Start of Data for this task

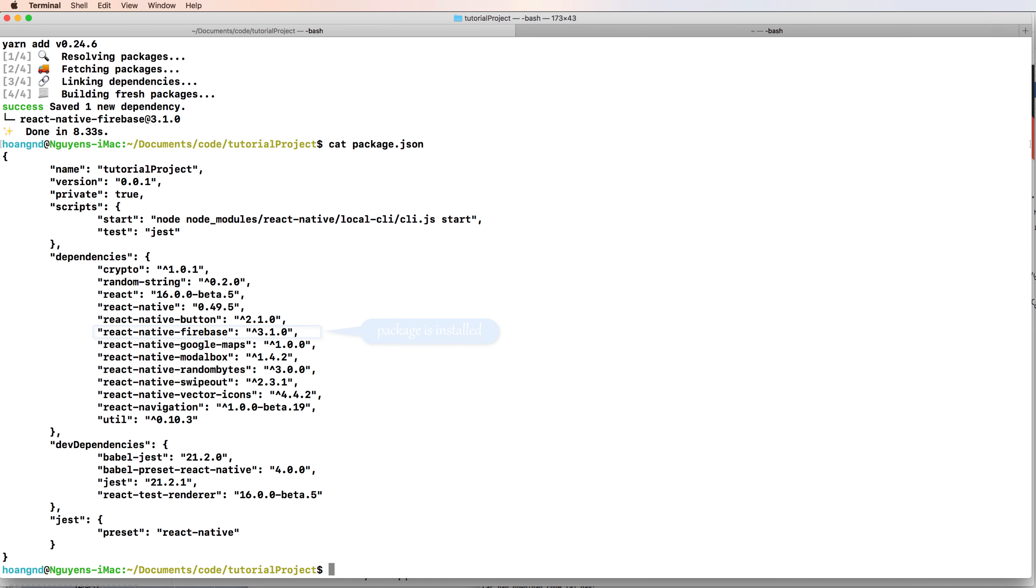You can add Firebase React Native Firebase library. I'm using yarn add and you can check by showing the package.json to ensure that the library has just been installed with the specific version.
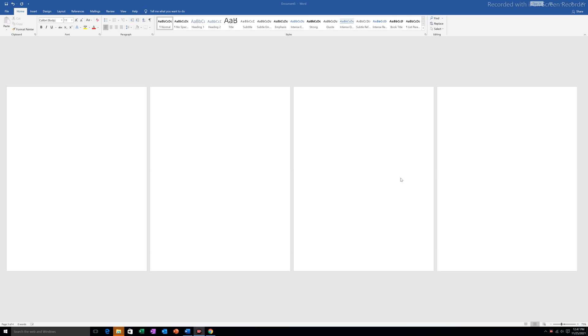In this video we will see how to apply a decorative page border for a single page in a Microsoft Word document. In this example I have four pages here.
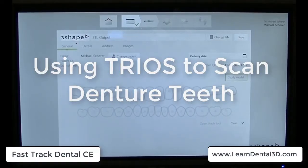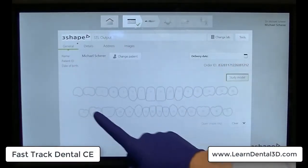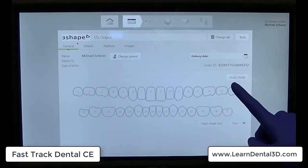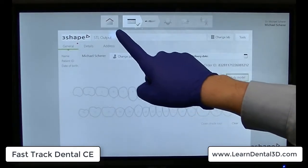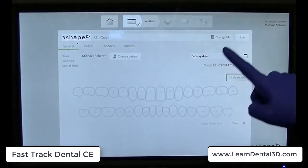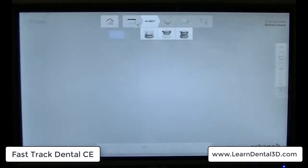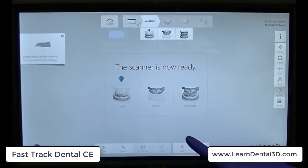Hey everybody, this is Dr. Shear with FastTrack Dental CE. In this video I'm going to show you how to use your Trios and STL output to go ahead and scan a denture tooth card to use it in creative methods.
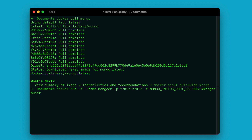We need to do the same thing for providing the password. Use -e again and provide MONGO_INITDB_ROOT_PASSWORD. The username we provided is 'mongodb_user', so let's use the same value for the password. Once you're done with that, the last thing we need to provide is the name of the image we want to run, which is 'mongo'.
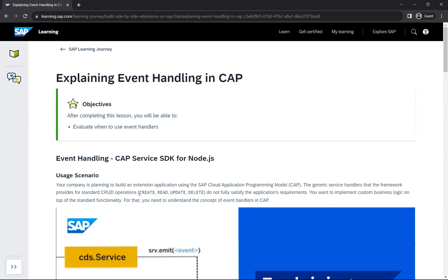For example, when you are creating an entity called 'Product', you may want to execute some custom business logic as well. Or when you are reading a particular entity, you may want to perform additional business logic. For all these custom business logic scenarios, you need to understand and implement event handling.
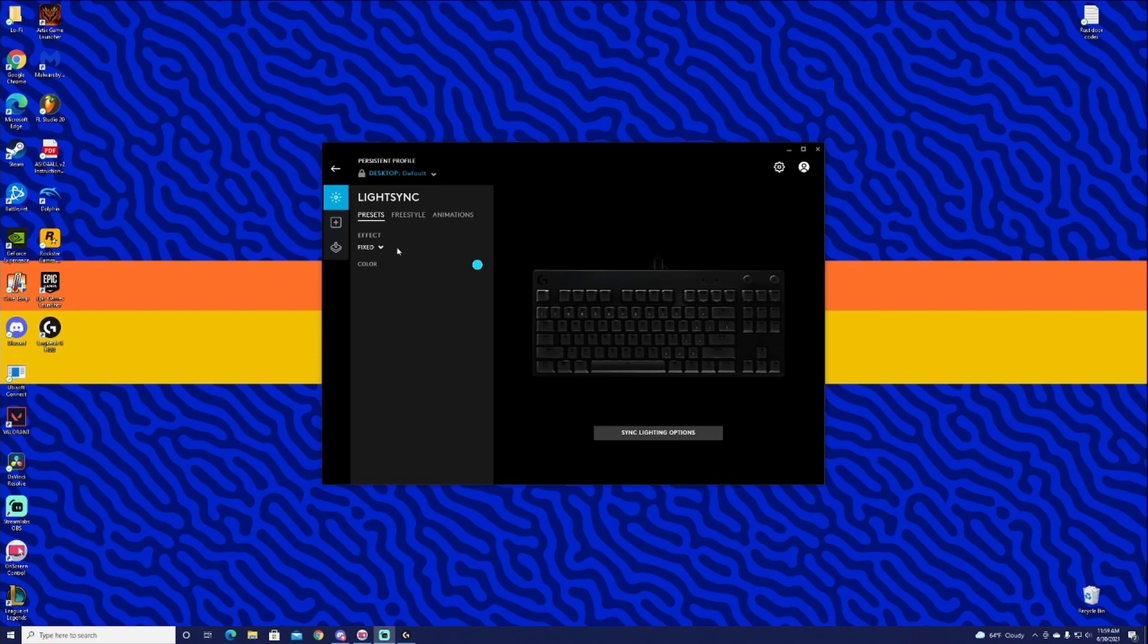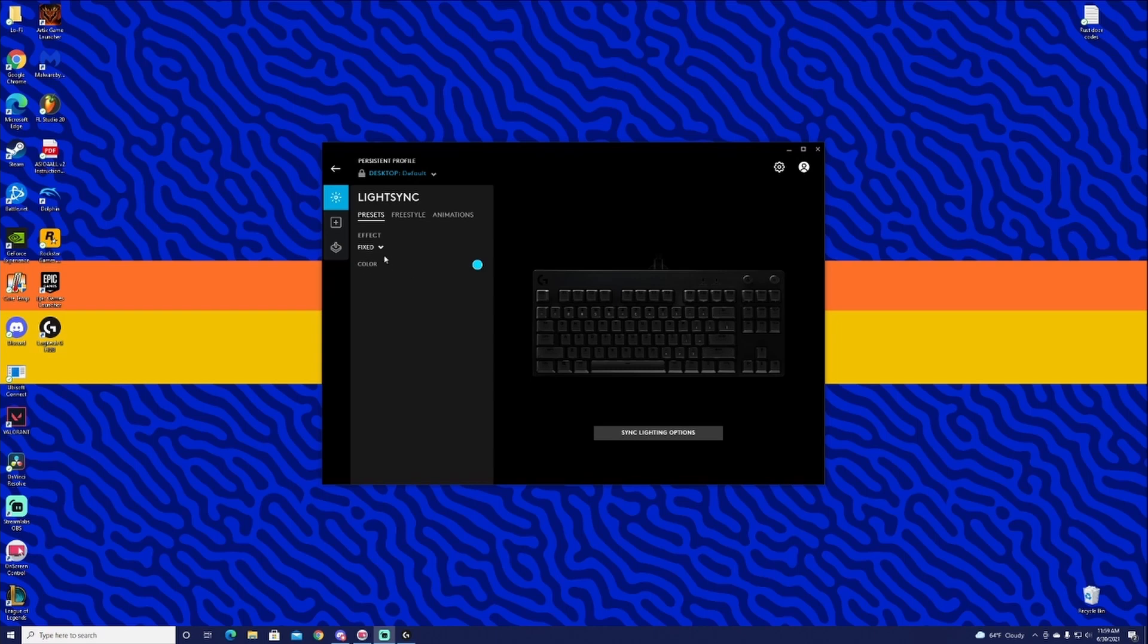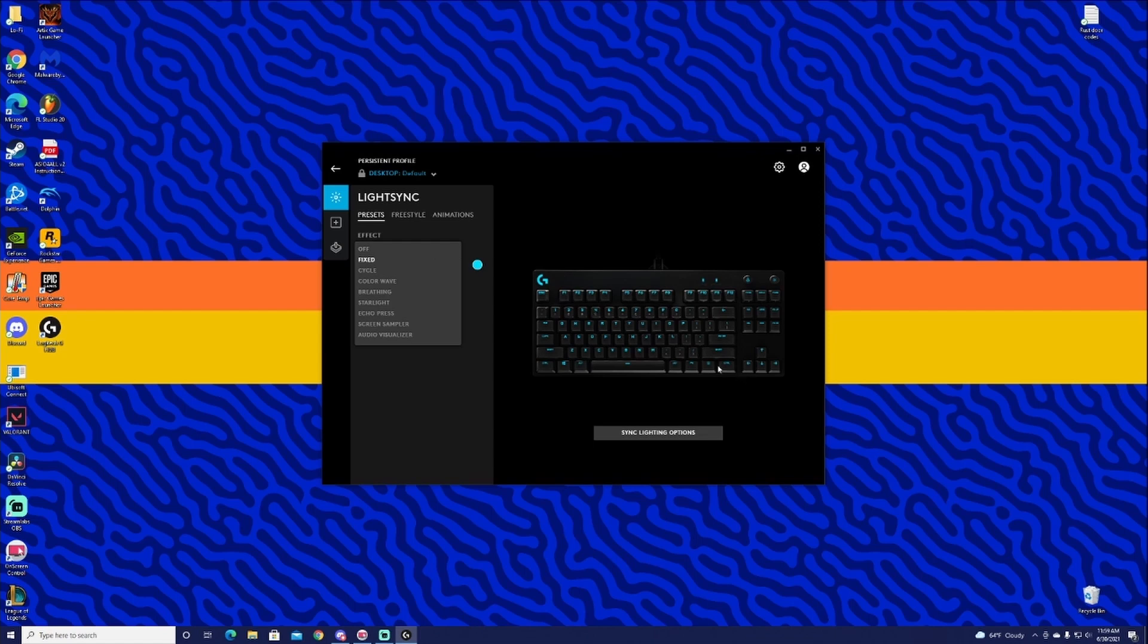Preset is pretty basic, probably the one that has the least amount of options, but it is really cool. We have our effects and our colors. The options down here somewhat change depending on what effects we're using, so we'll go ahead and start off with effects. We have fixed, which of course is just the one color.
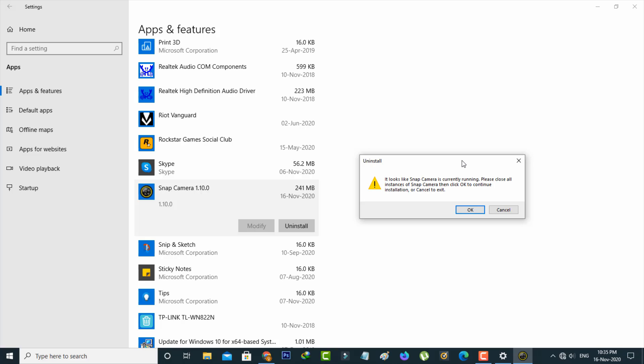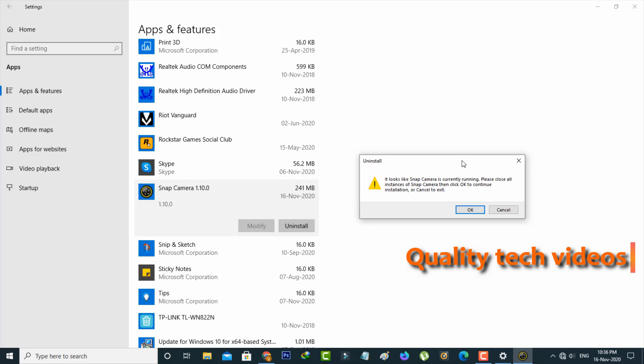Here I tried to uninstall Snap Camera, but on my PC this app is already running in the background. So friends, remember one thing — before going to uninstall any application, first force close that particular application and then try to uninstall it.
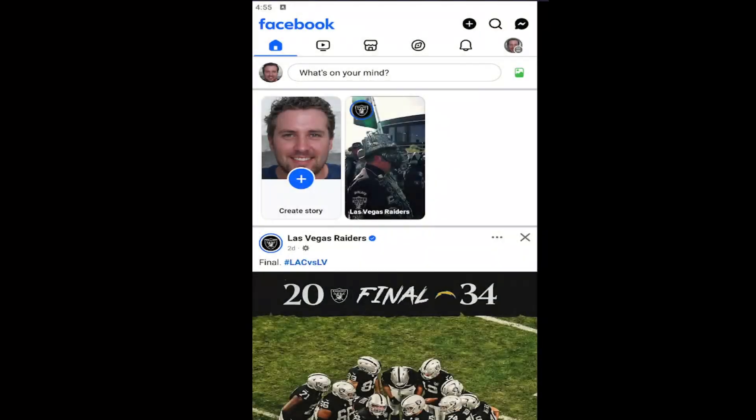Hello everyone, how are you doing? This is MD Tech here with another quick tutorial. In today's tutorial, I'm going to show you guys how to stop or prevent people from sending you friend requests on the Facebook app on mobile.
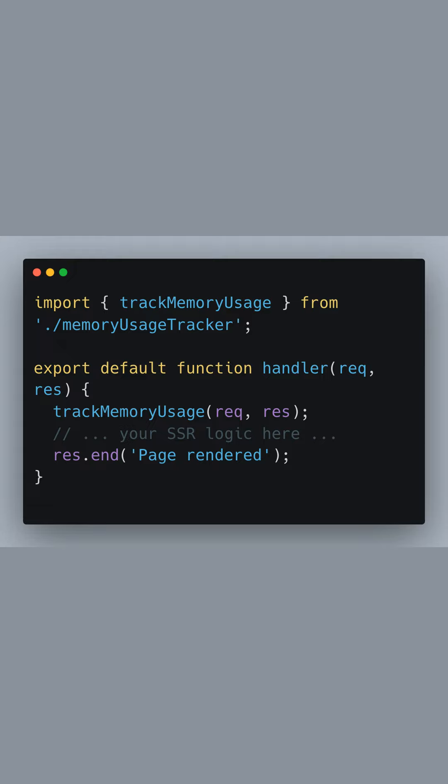It's during this entire process that our memory tracking function does its work, providing valuable insights post-response, which allows for performance monitoring and optimization.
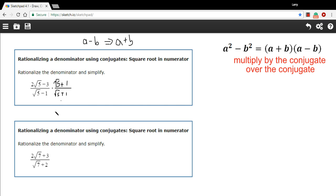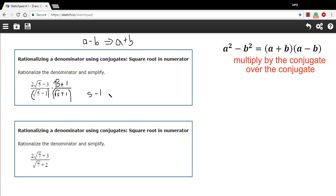Let's do the bottom first because it's easiest. This is a minus b times a plus b. So using the rule of difference of squares, we can just say the answer is a squared minus b squared. Well, if a is the square root of 5, the square root of 5 squared is just going to be 5. And b is 1, so 1 squared is 1. So we've got 5 minus 1, meaning the bottom of this fraction is going to be 4.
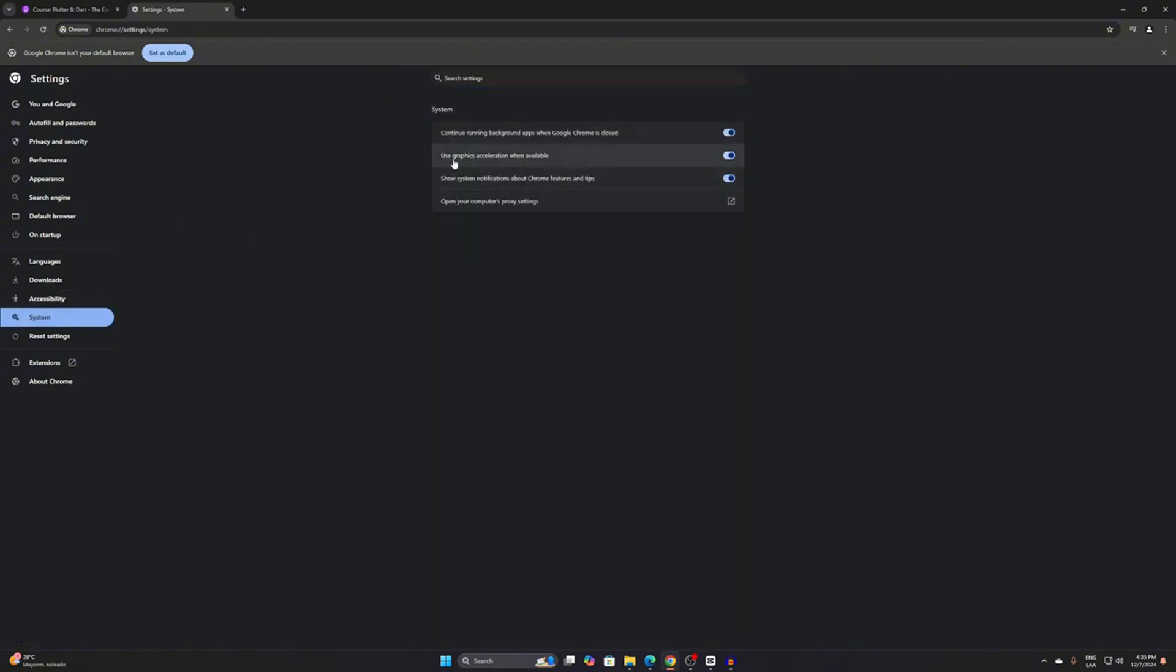Now, this is the option we need to disable. This is the cause of the problem. We will uncheck this option and restart the browser.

End of Data for this task

### What the task requires
Would you output only the span of the records above that opens with the line containing "In this video we" and closes with the line containing "We need to do", ends included and pictures dropped?

### Reply to the exercise
In this video we will see how to apply a decorative page border for a single page in a Microsoft Word document. In this example I have four pages here.
Hey everybody, this is Dr. Shear with FastTrack Dental CE. In this video I'm going to show you how to use your Trios and STL output to go ahead and scan a denture tooth card to use it in creative methods.
We need to do the same thing for providing the password. Use -e again and provide MONGO_INITDB_ROOT_PASSWORD. The username we provided is 'mongodb_user', so let's use the same value for the password. Once you're done with that, the last thing we need to provide is the name of the image we want to run, which is 'mongo'.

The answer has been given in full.